Anyone here have it? I am going into the dealership tomorrow to buy this 540iAT, it has M-sport, electric seats, sun blinds, and steptronic. My car which is manual is going to my brother, I love shifting, but the v8 and the fact that the touring is so unique here, it over comes having a manual. My question is, those of you that have this retrofit done, does the car shift any faster, or is it still the same speed? I've test driven it, and it seemed a bit slow to shift when in manual mode, would tranny software some what speed up the shifts. I know its no smg, but I would like for it to shift a bit quicker. I will post pics tomorrow, if negotiations go well.

btw, are there any e39 specific forums out there, kinda of like e46fanatics? I know of bimmerforums, bimmerfest, m5board, dtmpower, and roadfly. Are there any out there just for the e39?



Thanks,
-Pearson


----------



## Jon Shafer (Dec 15, 2001)

zerofighter said:


> btw, are there any e39 specific forums out there, kinda of like e46fanatics? I know of bimmerforums, bimmerfest, m5board, dtmpower, and roadfly. Are there any out there just for the e39?
> 
> Thanks,
> -Pearson


Check this out!!!

Type in http://www.e39fanatics.com to your browser...


----------



## zerofighter (Aug 23, 2003)

Nice! 

But what I meant was, is there any model specific forums _like_ e46fanatics?


----------



## Mr Paddle.Shift (Dec 19, 2001)

zerofighter,

the kit will only work on certain E39 models. If you PM me the last 7 VIN, I can check it out for you.

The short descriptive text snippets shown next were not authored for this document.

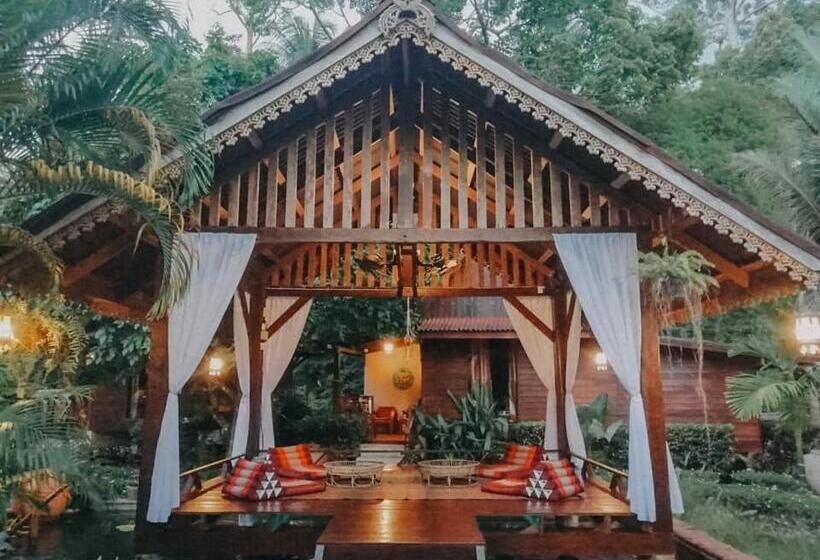 بنجلو ديلوكس, Leeloo Paradise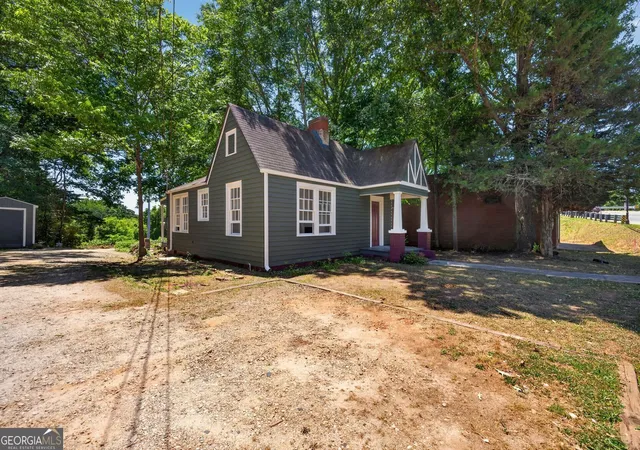 Photo 2 of Sale Pending at 298 S Cherokee Rd, Social Circle, GA 30025 | MLS# 10786897 | Listing updated on 2026-09-01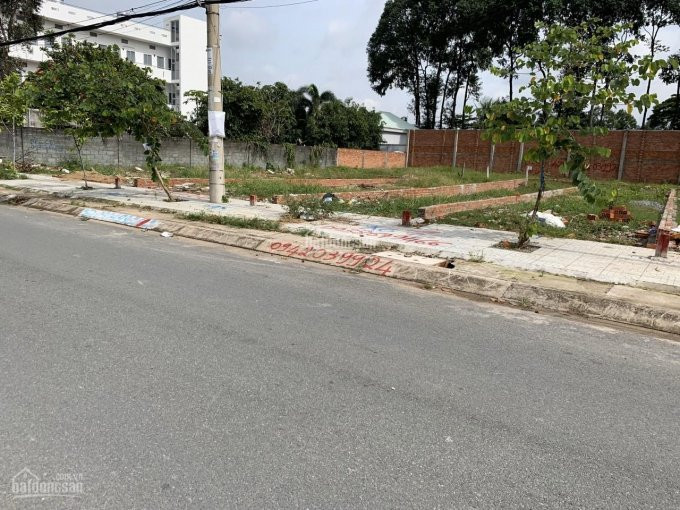 Chính Chủ Bán Nhanh Lô 104m2 Mặt Tiền đường Số 1 Nguyễn Duy Trinh Phú Hữu Q9 Giá 4,5tỷ 0978,188,274 2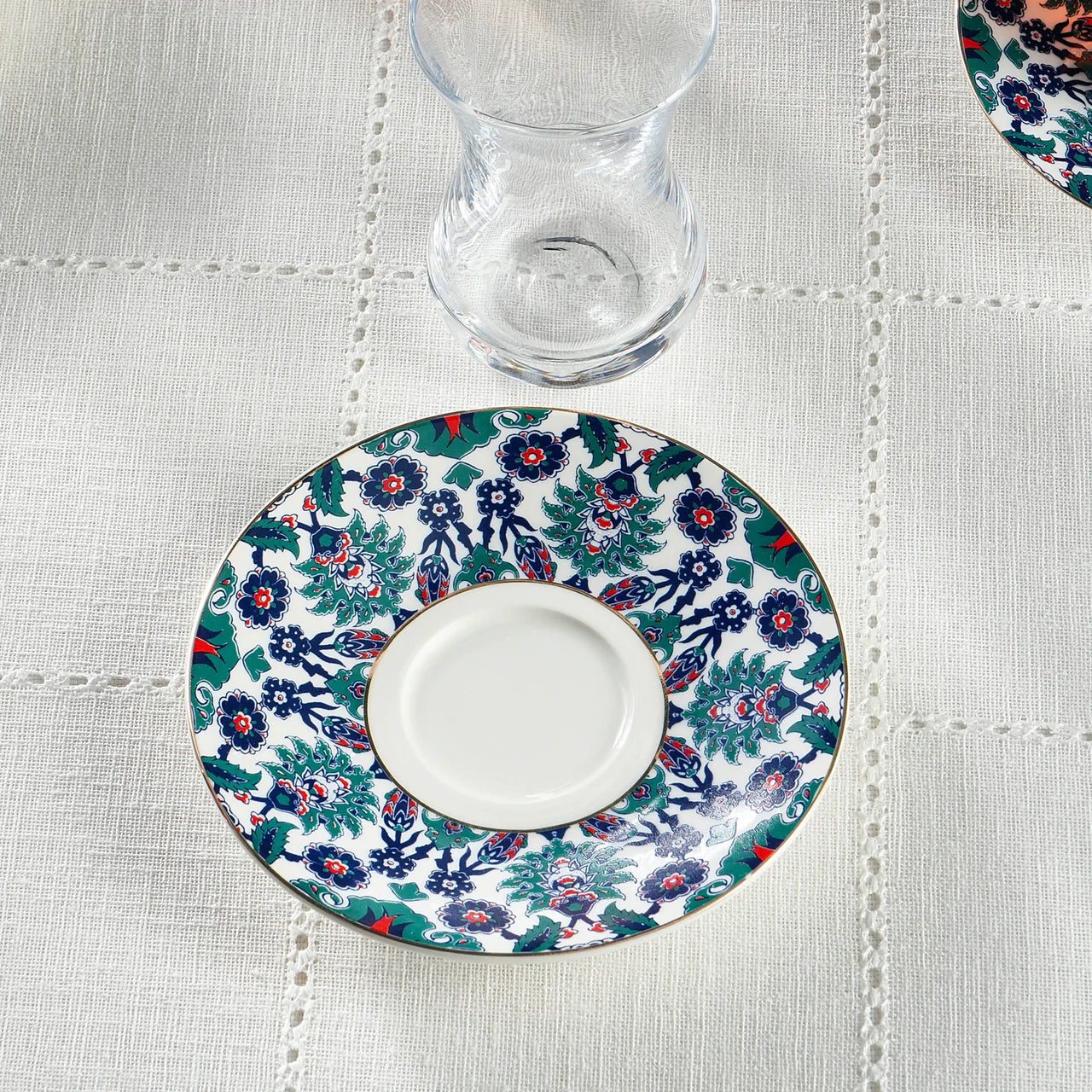 Karaca Edirne 12-teiliges Bone-China Türkisches Teeset für 6 Personen 130 ml Mehrfarbig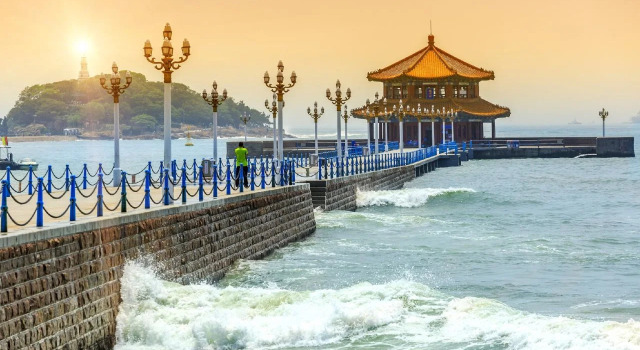 Zhongjin Holiday Hotel Qingdao, Prenota Hotel Shinan District 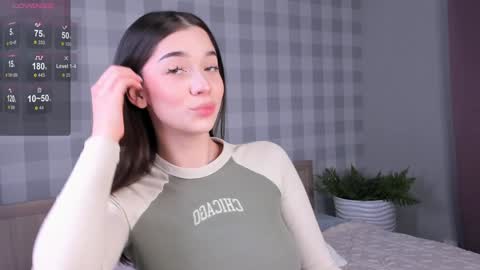 Emely  online show from December 2024 05:22:02 PM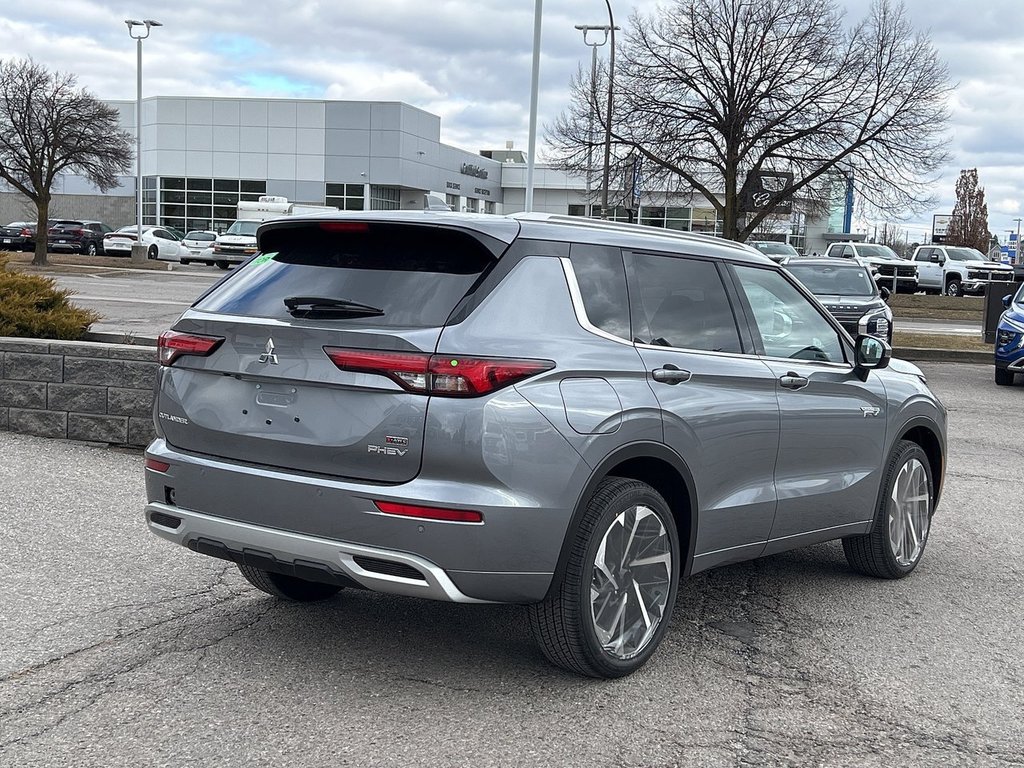 2024  OUTLANDER PHEV GT.. Free Winter Tires in Whitby, Ontario - 7 - w1024h768px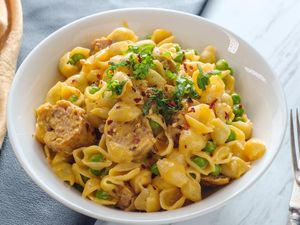 Resep Pasta Sosis Bumbu Cabai yang Kenyal Pedas Gurih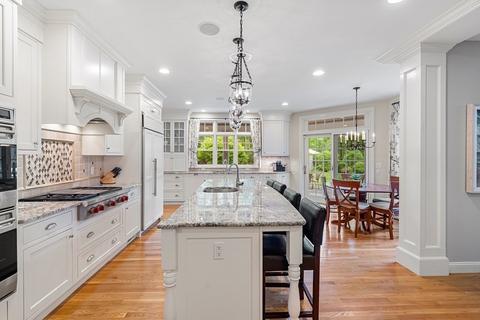 4 Farmstead Way, Acton, MA 01720 photo 3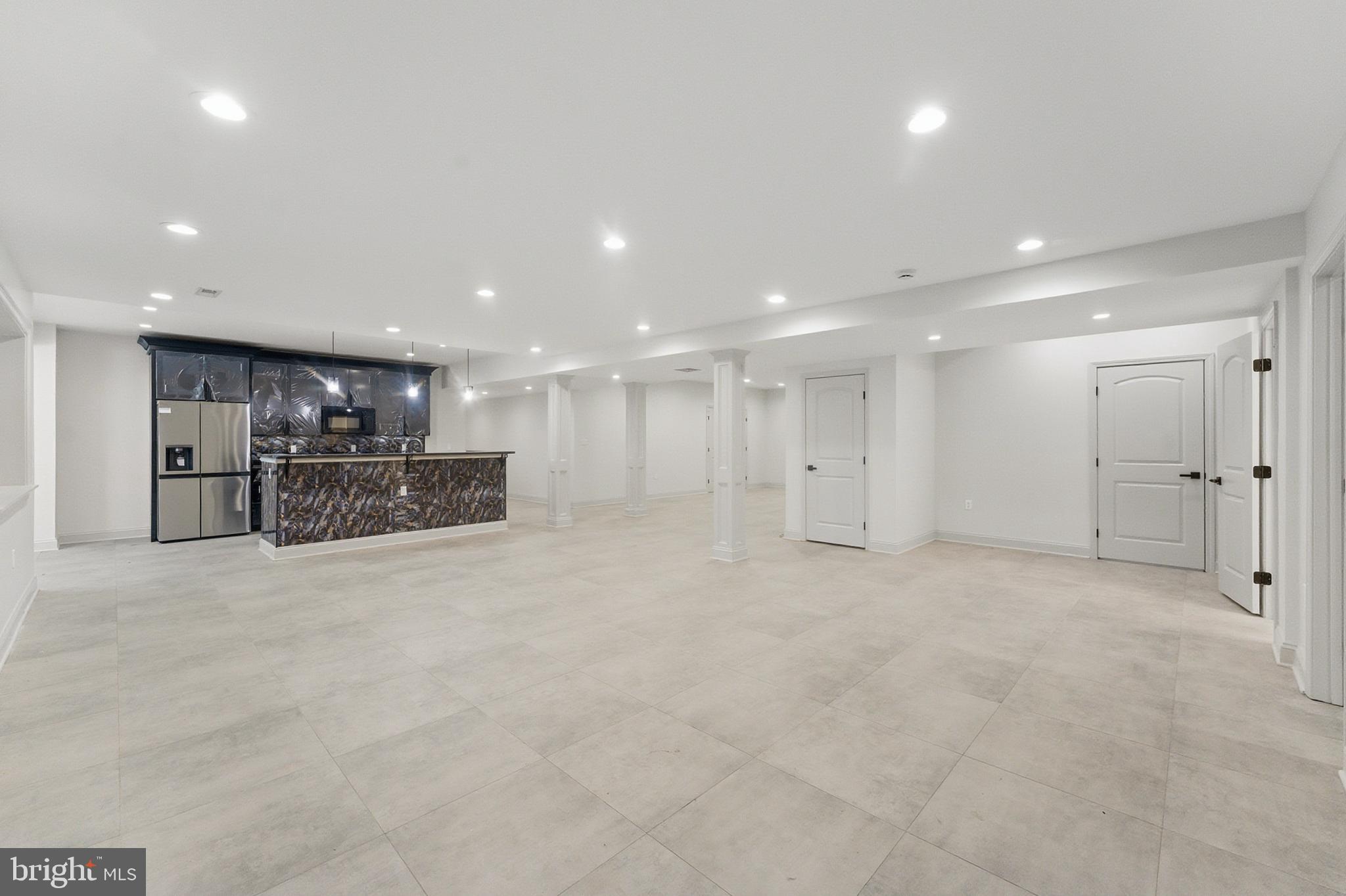 ANNANDALE ACRES - Residential
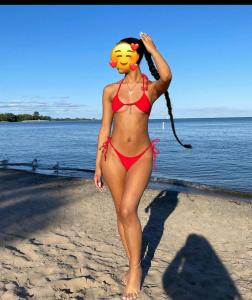 Chica busca chico en Granada: 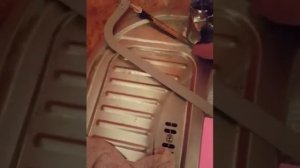 замена смесителя с закипевшей гайкой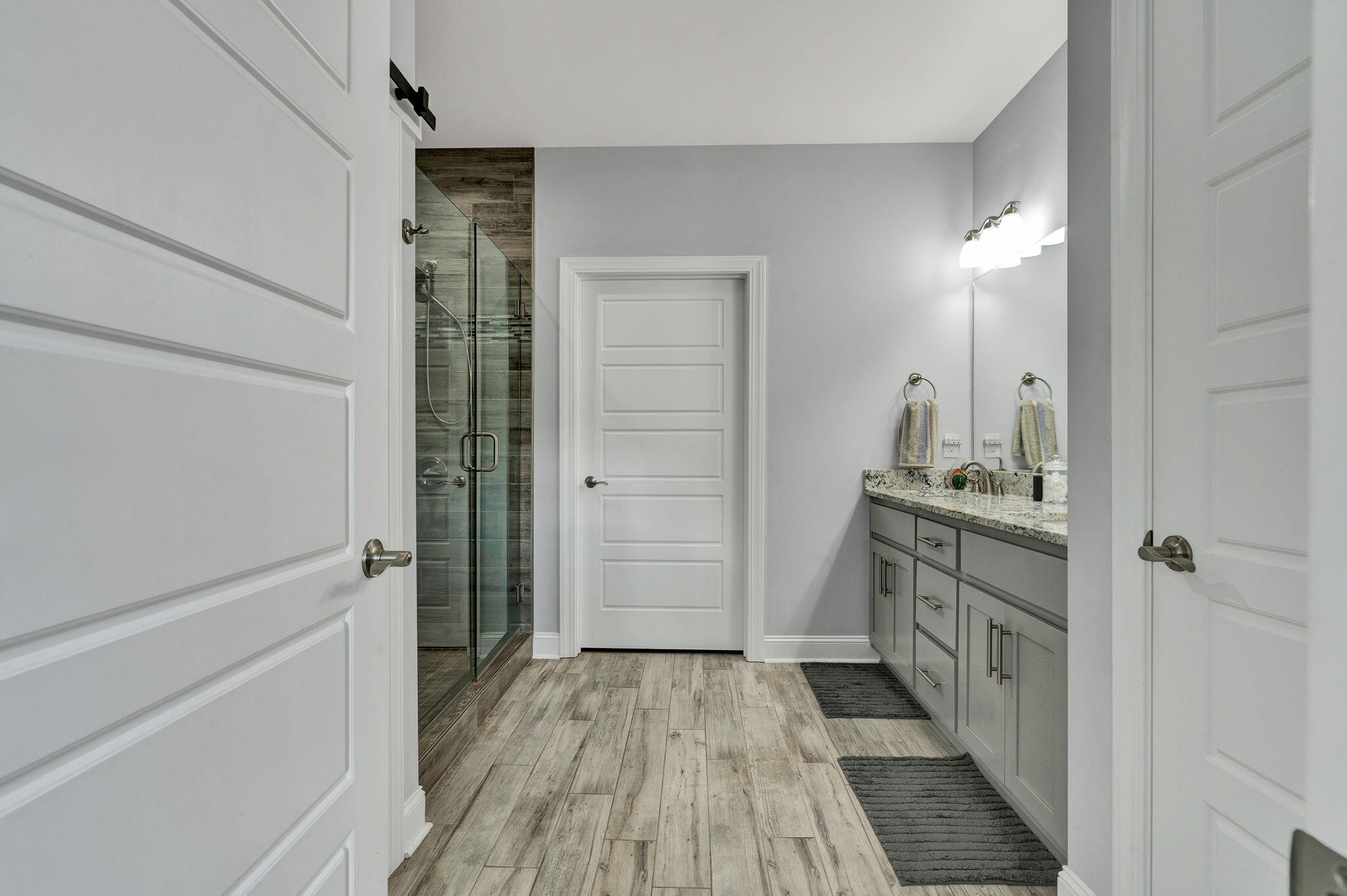 133 Camden Way Dalton, GA 30721 - Photo 17 of 39 a bathroom with a sink and a mirror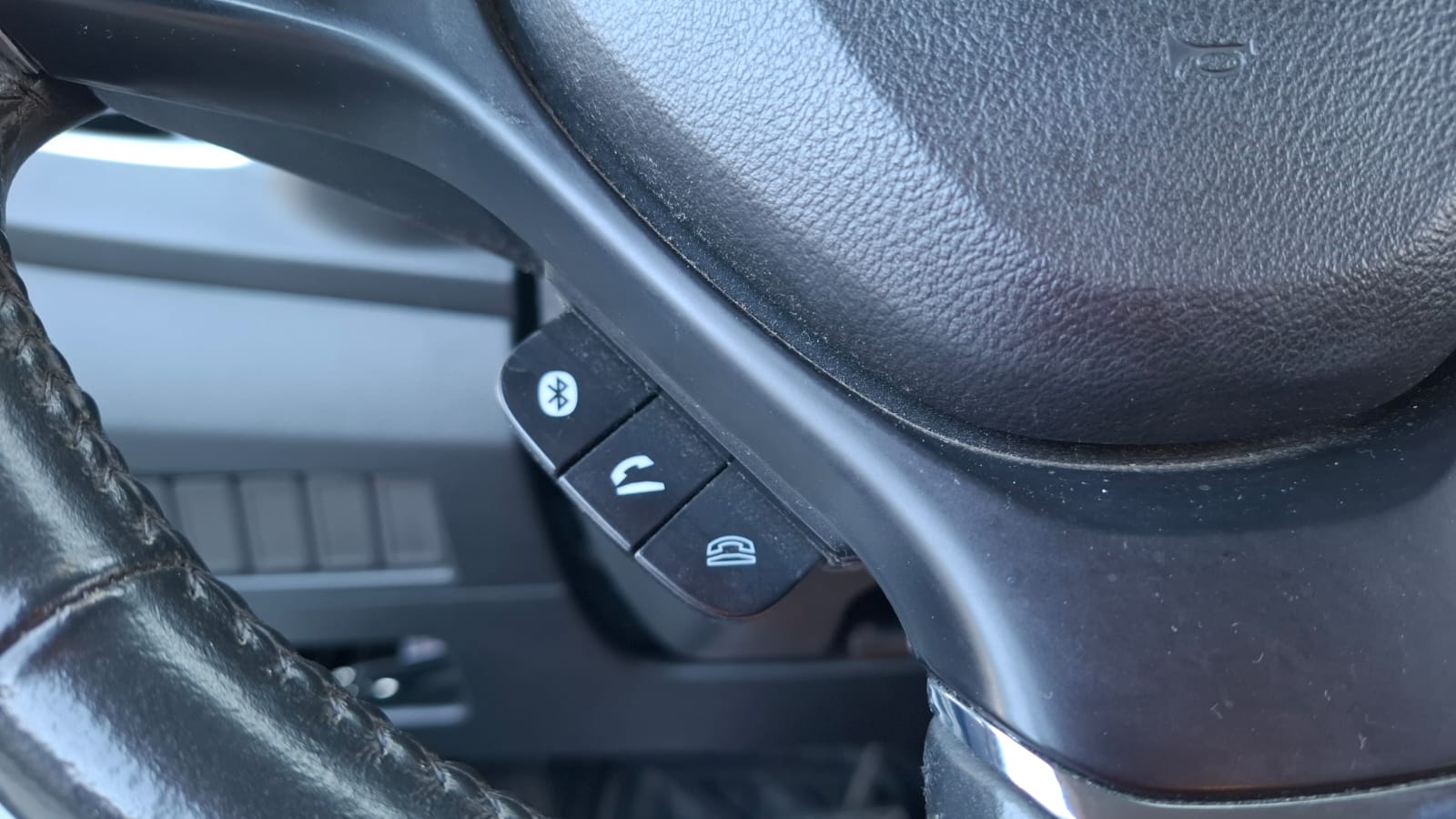 Suzuki Baleno — foto 17 de 18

Wrt to improvement, your gear shift physical interaction is improved. The Dinan tranny s/w will quickern the shift times, always start in 1st gear when in D-mode and eliminate auto-redline upshift.


----------



## waapples (Jan 5, 2004)

i would like to see what you guys are talking about.. sounds very interesting.


----------



## Terry Kennedy (Sep 21, 2002)

zerofighter said:


> Anyone here have it? I am going into the dealership tomorrow to buy this 540iAT, it has M-sport, electric seats, sun blinds, and steptronic. My car which is manual is going to my brother, I love shifting, but the v8 and the fact that the touring is so unique here, it over comes having a manual. My question is, those of you that have this retrofit done, does the car shift any faster, or is it still the same speed? I've test driven it, and it seemed a bit slow to shift when in manual mode, would tranny software some what speed up the shifts. I know its no smg, but I would like for it to shift a bit quicker. I will post pics tomorrow, if negotiations go well.


I have it on an E46 325xiT, so I can comment on some of your questions. I installed it in early 2003. I don't use it when I'm in "driving to get groceries" mode, but when I drive cross-country to places like in the attached photo, it is fantastic! The actual shifting speed (between when the transmission gets the "please shift" signal and when it actually shifts) is unchanged, but due to the shorter throw of the paddles and the fact your hands are right there, it feels faster. Dinan makes software upgrades for the transmission which will speed up shifting somewhat. I hope this helps - let me know if you have any more questions.


----------